CPA(獲得単価)が妥当かどうかわからない

広告費用を投資してリードを獲得したり、Eコマースで売上を立てたりする場合、1件の成果に対してかかっているコストを考えることは担当者として当たり前の取り組みです。

広告費をリードや売上に変換していると考えれば、逆に「いくら予算を投下すれば何件獲得できるのか、いくら売上が立つのか」といったことを計算することも可能になります。

リードの件数や売上を業務上の目標として設定しているWEBマーケティング担当者であれば、「広告予算 = 達成の可能性」と置き換えることができるため、目標を設定するタイミングで予算獲得に動くことが通例になっている方も少なくありません。

ただ、リードの件数や売上金額だけをKPIとして予算を上申すると、特に金額が大きくなるにつれて上役や上層部は簡単にはみとめてくれなくなります。

大きな投資になると、しっかりとビジネス的な効果を論じる必要があり、その時点からCPAが妥当かどうかも考えることになります。

この記事では、「限界利益」という考え方でCPAの妥当性を検証することができるように解説します。
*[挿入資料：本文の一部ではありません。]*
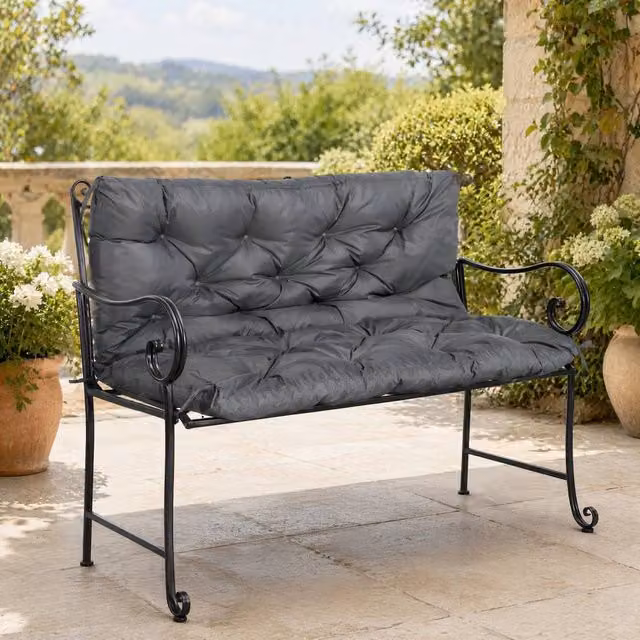 STILVORA 2 Seater Grey Garden Bench Cushion with Ties and Breathable Polyester Fabric – 1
広告投資の意味や、利益的にポジティブな効果が出せるのかどうかを数字で表すことで、予算獲得や取り組みの指標とすることができるようになることを目的とします。

限界利益とは何か

限界利益とは、「管理会計」の考え方のひとつです。

「管理会計」というのは、企業の中で独自の基準で経費などを仕分け、文字通り管理していくことです。

限界利益はシンプルな公式として表現することが可能です。

売上が何なのか、ということは誰でもわかると思います。

商品やサービスを販売した対価として得た金額です。

対して「変動費」についてはこの単語を初めて目にする方にとっては咄嗟にイメージすることができないものかと思います。

一般的には、変動費は売上高に応じて変動する費用のことです。

対する言葉として「固定費」というものがあります。

これは売上がどうであれ変わらない費用のことです。

管理会計では、この変動費と固定費の仕分けが企業によって異なります。

例えば部門を跨いだ費用に関して、所属人数規模単位で按分したり、売上高、もしくは利益率に応じて按分したりするなど、独自のルールで事業の良し悪しを測るための基準が管理会計なのです。

WEB広告を変動費としてカウントする

広告費の是非、CPAが妥当かどうかを測るためには、広告費用は管理会計上の変動費に入れるべきでしょう。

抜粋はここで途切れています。